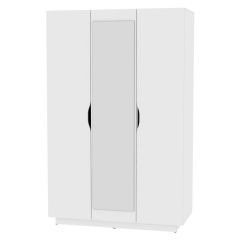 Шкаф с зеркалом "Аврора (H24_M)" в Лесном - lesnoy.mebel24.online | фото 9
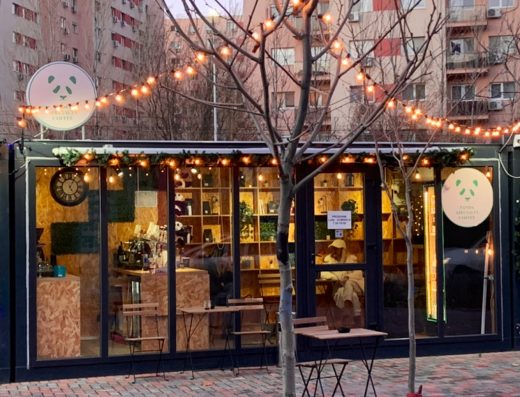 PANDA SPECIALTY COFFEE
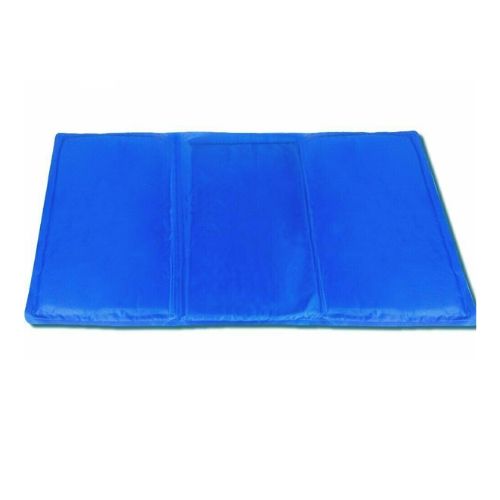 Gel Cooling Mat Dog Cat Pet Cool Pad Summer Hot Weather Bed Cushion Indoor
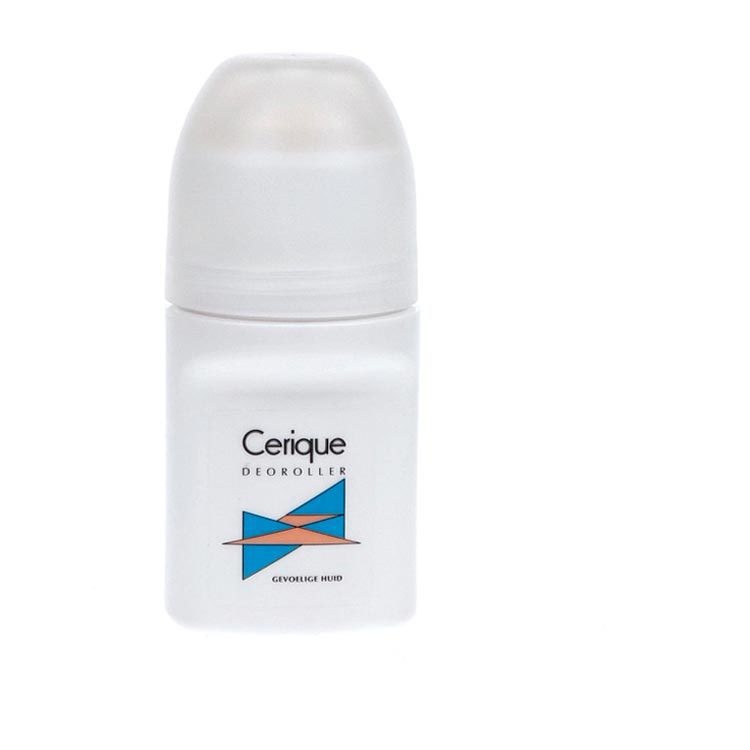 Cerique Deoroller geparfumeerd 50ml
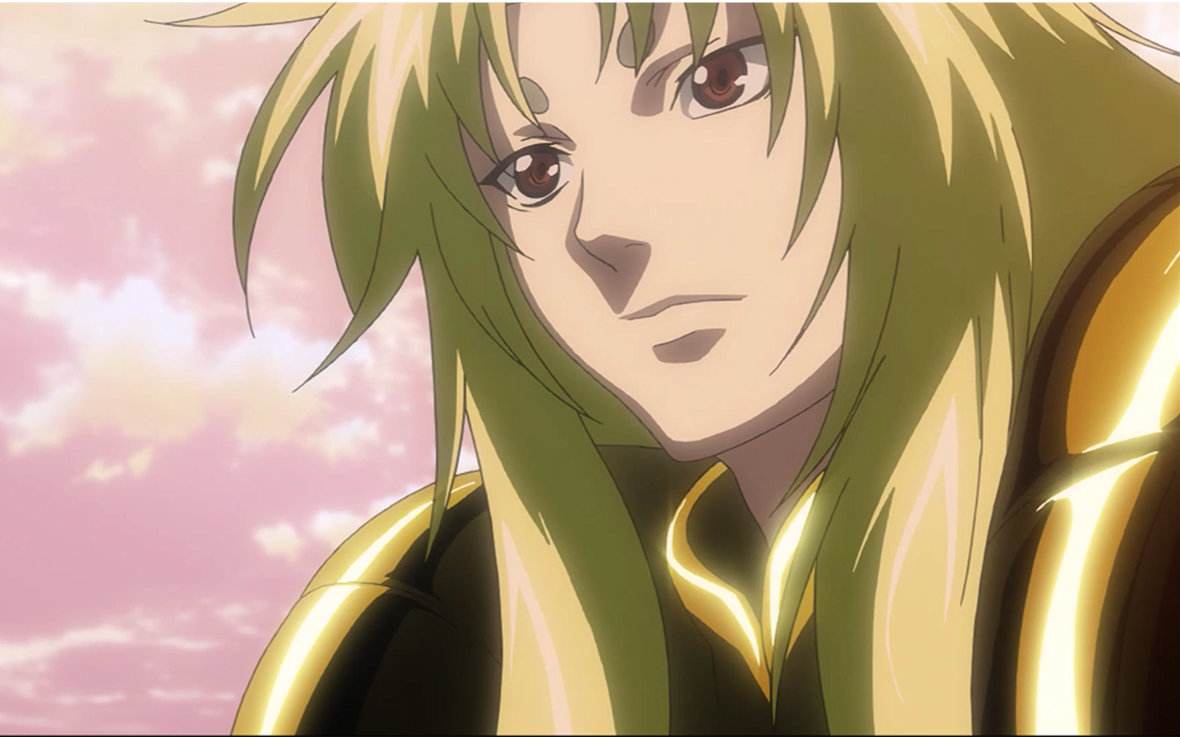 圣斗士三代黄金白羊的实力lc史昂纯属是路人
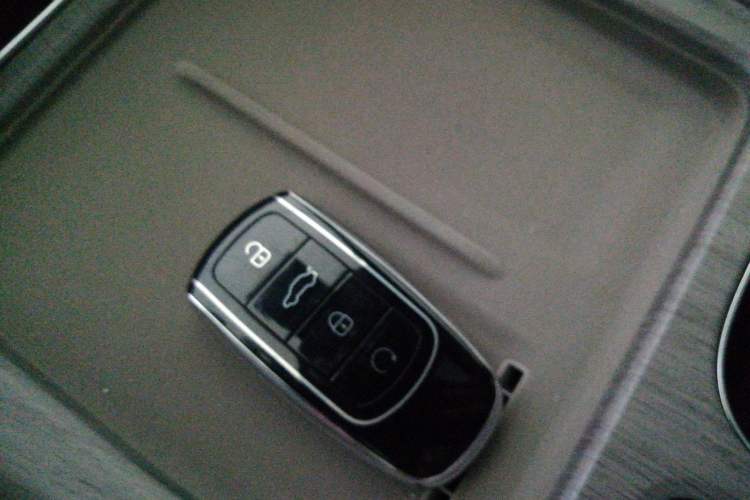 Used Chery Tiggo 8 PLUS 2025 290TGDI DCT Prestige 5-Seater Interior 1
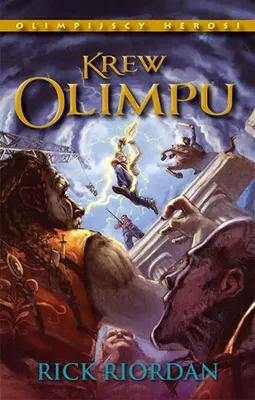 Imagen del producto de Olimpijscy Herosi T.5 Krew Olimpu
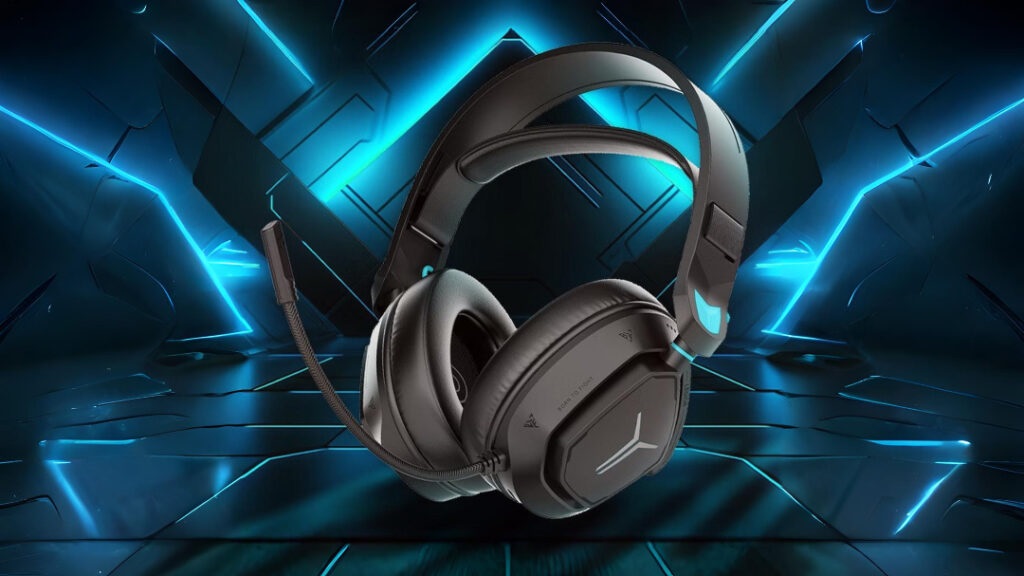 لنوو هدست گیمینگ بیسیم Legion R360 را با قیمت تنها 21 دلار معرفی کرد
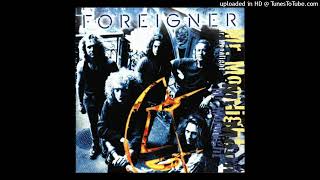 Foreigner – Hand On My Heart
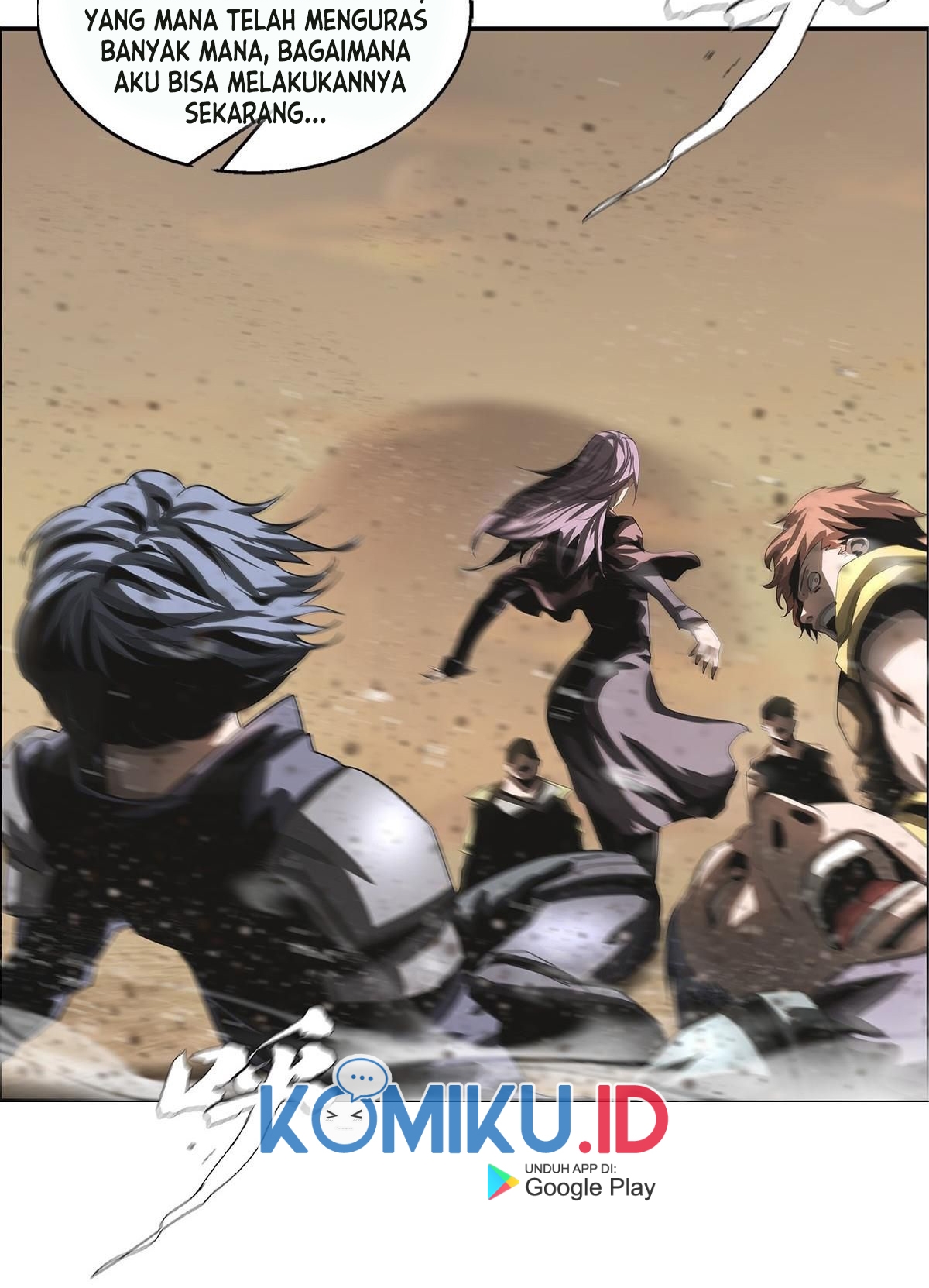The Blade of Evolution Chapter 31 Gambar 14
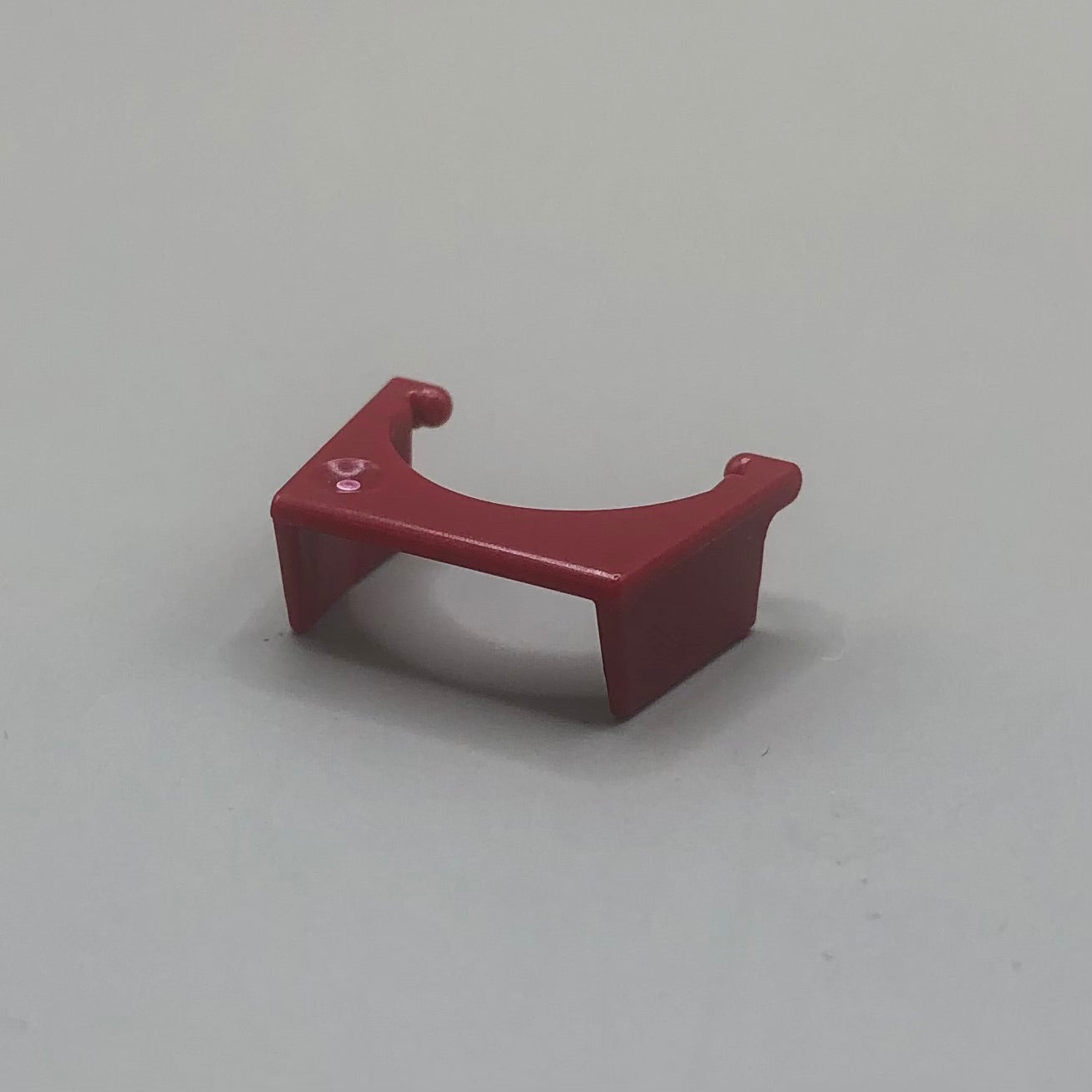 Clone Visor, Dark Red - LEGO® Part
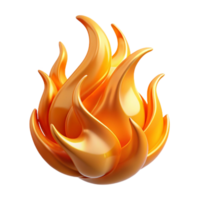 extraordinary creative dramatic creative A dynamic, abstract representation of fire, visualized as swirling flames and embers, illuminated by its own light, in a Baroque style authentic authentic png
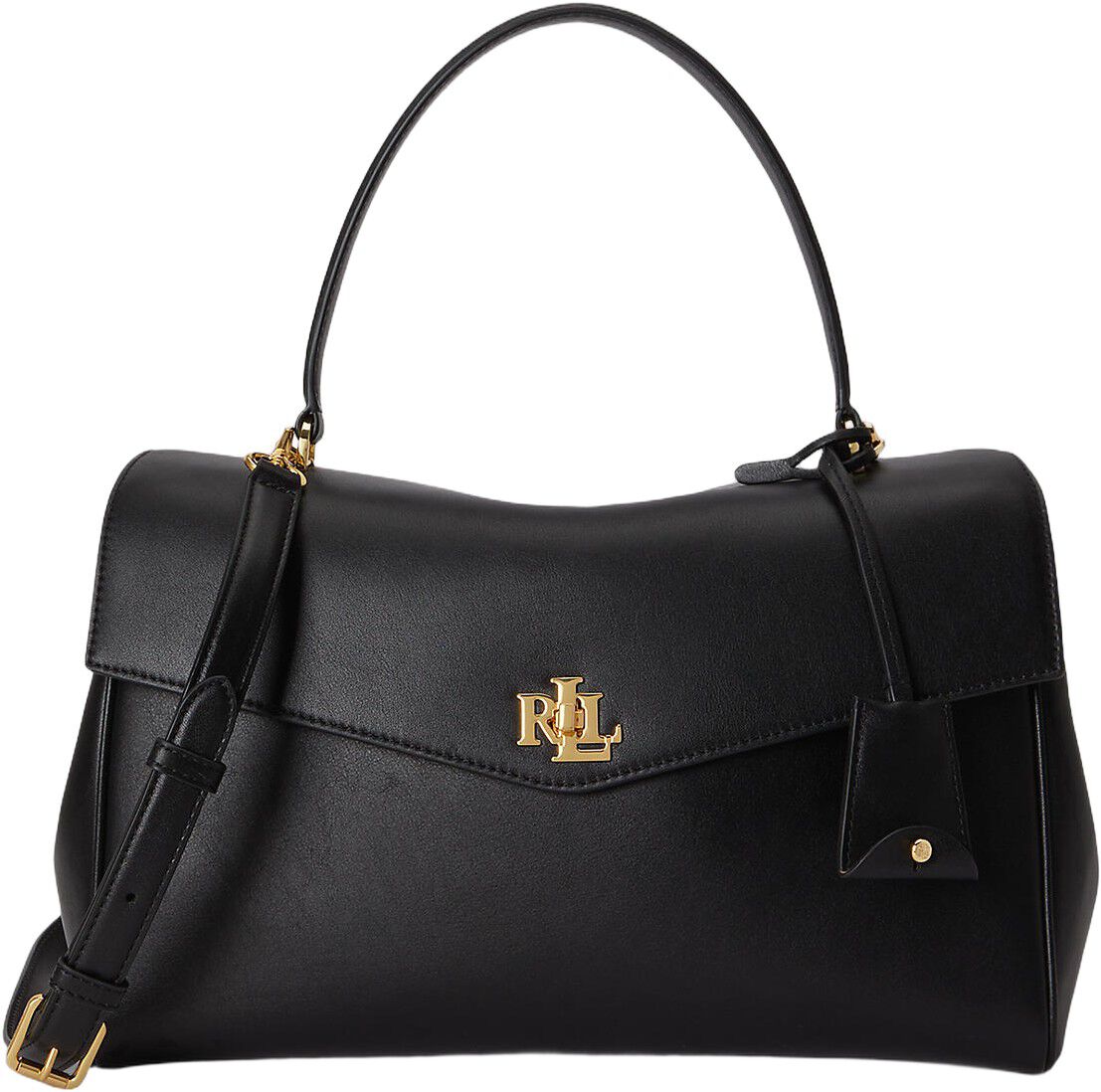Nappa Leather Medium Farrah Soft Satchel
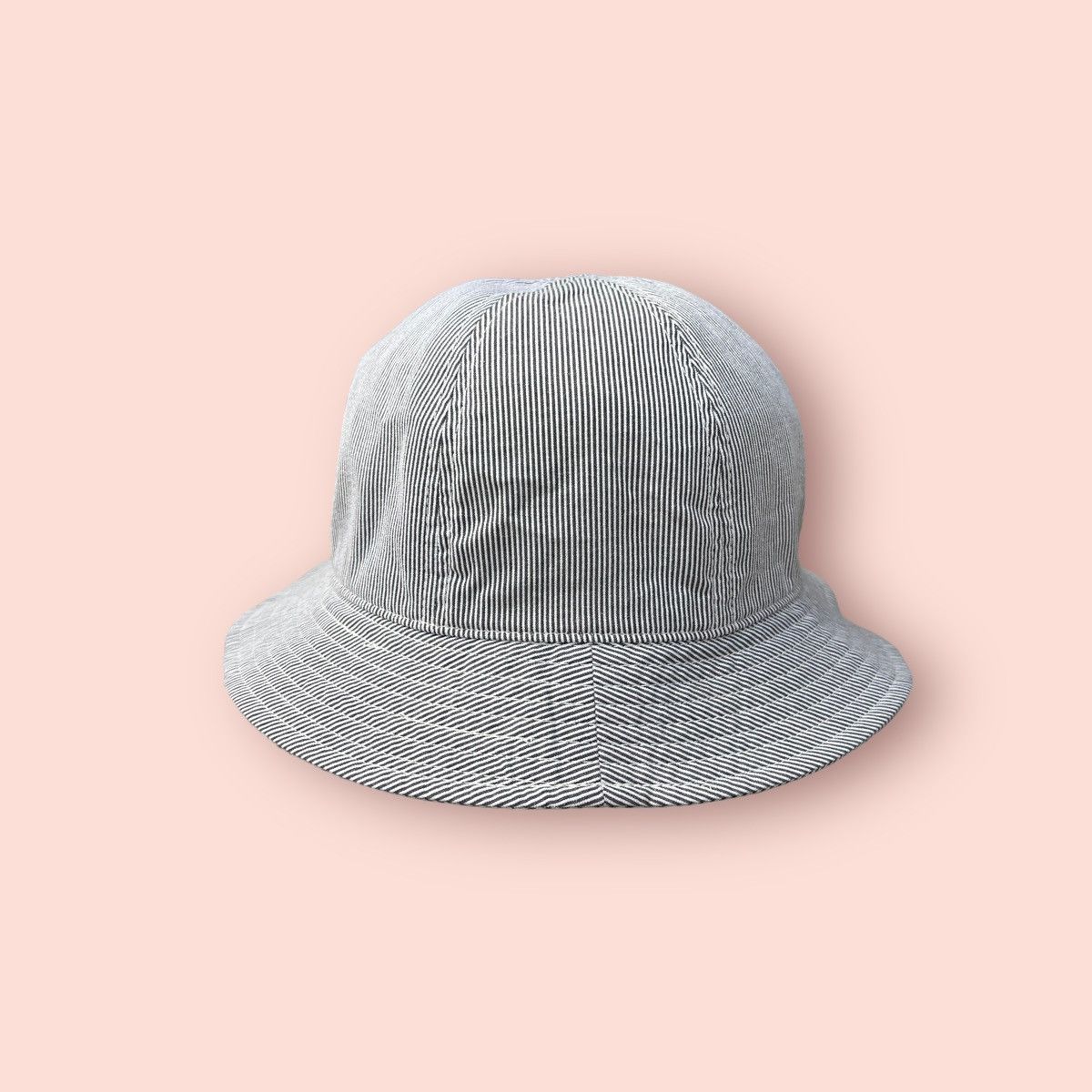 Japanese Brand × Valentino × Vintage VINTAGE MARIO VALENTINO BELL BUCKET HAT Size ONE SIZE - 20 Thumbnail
------------------------------------------------------------
Your instructions: The copy should hold only the lines from the one with "Used Chery Tiggo" through the one with "Clone Visor, Dark Red - LEGO® Part", exactly as they stand above. Leave out the pictures.

Your response:
 Used Chery Tiggo 8 PLUS 2025 290TGDI DCT Prestige 5-Seater Interior 1
 Imagen del producto de Olimpijscy Herosi T.5 Krew Olimpu
 لنوو هدست گیمینگ بیسیم Legion R360 را با قیمت تنها 21 دلار معرفی کرد
 Foreigner – Hand On My Heart
The Blade of Evolution Chapter 31 Gambar 14
 Clone Visor, Dark Red - LEGO® Part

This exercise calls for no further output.